Animal parts, and my love of salmon and sushi
The past few days I've been thinking a lot, about a topic that seems shallow but isn't always: makeup. Mascara, blush, lipstick, all that jazz. In America, we produce and use vast quantities of these products in the process of a neverending quest for eternal beauty and everlasting youth. If you really think about it, what's the purpose? We all grow old, with lines and wrinkles and pale, wispy hair. Makeup can't cover that up. Maybe it can render us temporarily more attractive, gain us a mate for the night, but in the long run, it's not your artful application of eyeshadow that makes someone want to stay with you. So in essence, it is by its very nature a quick fix, a temporary solution to a long-term "problem" - not having naturally purple eyelids. We spend outrageous sums of money on the stuff, a total of $45 billion a year in the US alone, but makeup takes time, too. Every day, there are certain "upkeep" sorts of activities that most of us do: we shower. We brush our teeth, hopefully twice. We brush our hair, eat, and answer nature's call, all the while trying to be productive, trying to do something with our lives. So then makeup just adds to this, adds to the 1.5+ hours of necessary daily activity. Applying it, removing it, cleaning your face so your pores don't get clogged. It's ridiculous.
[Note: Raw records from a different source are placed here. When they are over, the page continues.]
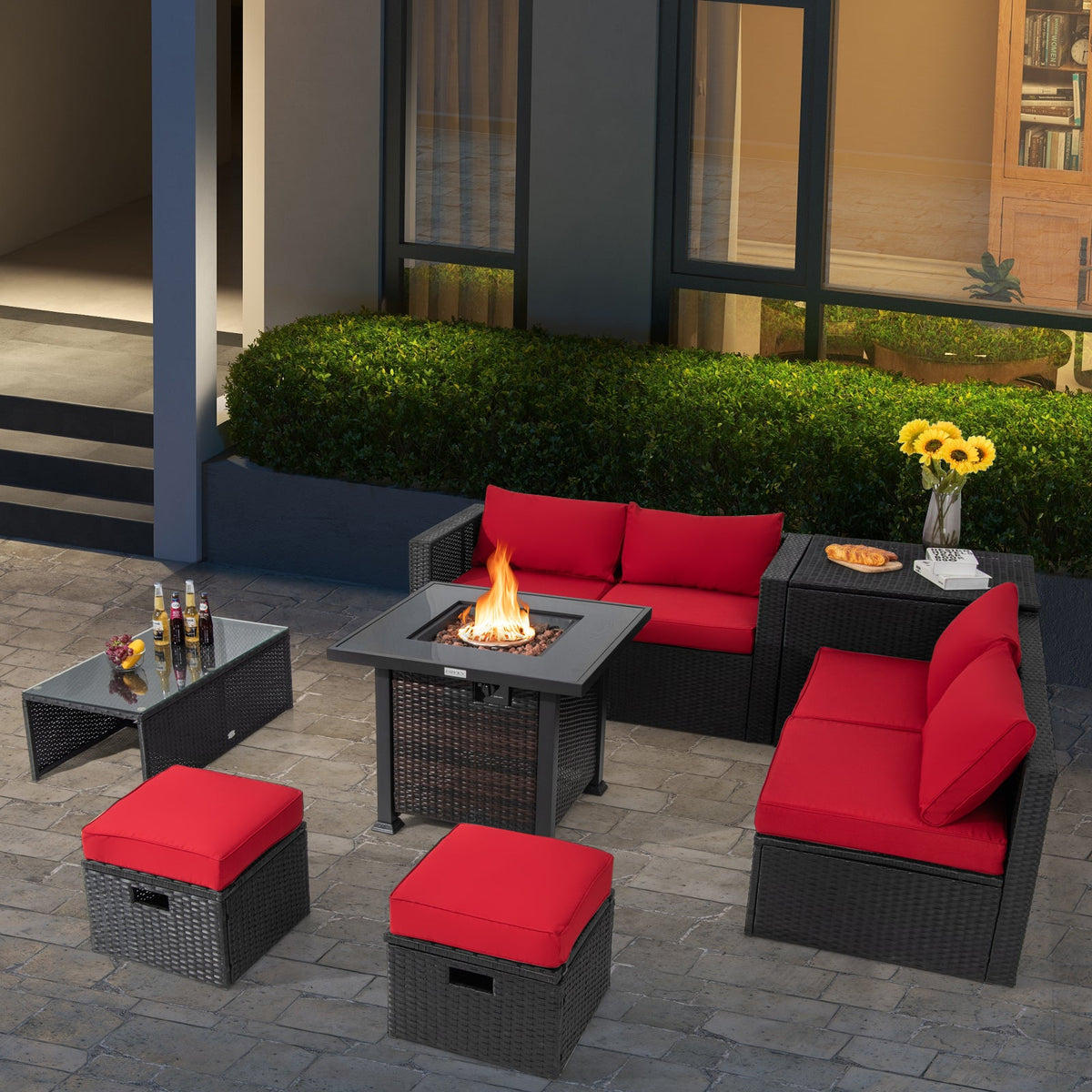 9 Pieces Patio Furniture Set with 32” Fire Pit Table and 50000 BTU Square Propane Fire Pit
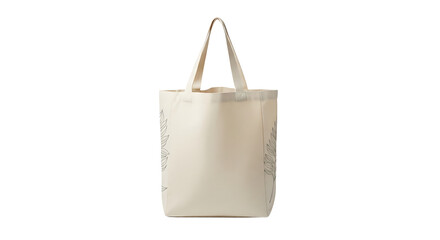 A reusable cream-colored tote bag with leafy designs stands against a transparent background, offering eco-friendly style.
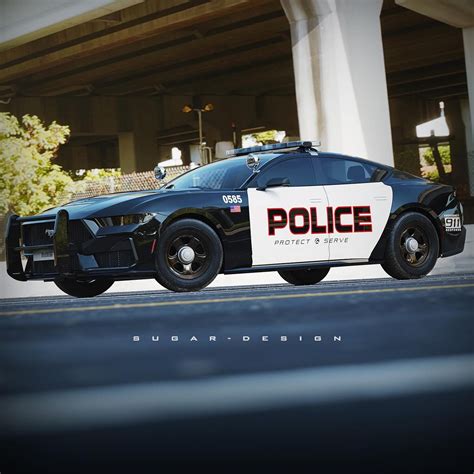 2024 Ford Mustang Sedan Imagined As Police Cruiser, Is It a Modern Crown Victoria? - autoevolution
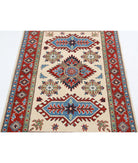 Kazak 3'4'' X 4'10'' Hand-Knotted Wool Rug 3'4'' x 4'10'' (100 X 145) / Ivory / Red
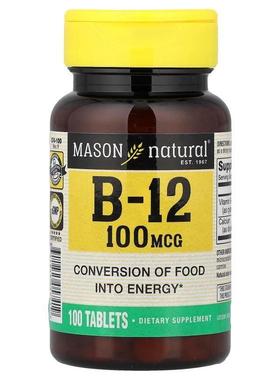 Mason Natural,Vitamin B12, 100 Tablets
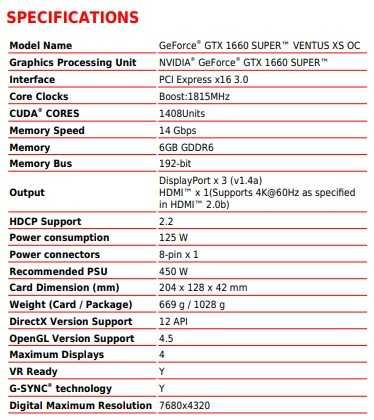MSI GeForce GTX 1660 TI Ventus XS OC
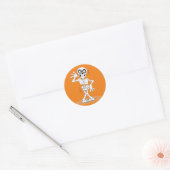 Geanimeerd Halloween Skeleton Ronde Sticker (Envelop)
But most importantly of all, more important than its superficiality, its inherent falsity and lies, and the money and time wasted while going through the cycle of application and removal, is how we produce it. All of this was brought on by a simple realization: every day, I spread a bit of dead animal on my face. Sure, I may be sporting less animal than people who wear foundation, and certainly less than that woman who walks by my office in the mink coat, but is any amount really appropriate? We kill the animal; use the animal to make an entirely unnecessary, intrinsically disposable product, going down the drain every night; and whatever we don't use up in a certain period of time, we throw away. Granted, this speaks to a deeper societal issue, the disposable nature of American culture, but anything we do will help. I think that we have a serious problem when we find it acceptable to treat life so callously, all in the name of beauty or fashion. I'm not a vegetarian, and I don't know if I ever will be again; I love fish too much, and Europeans do really genius things with beef. But I see no need to kill an animal just so I can look slightly more dramatic for a few hours.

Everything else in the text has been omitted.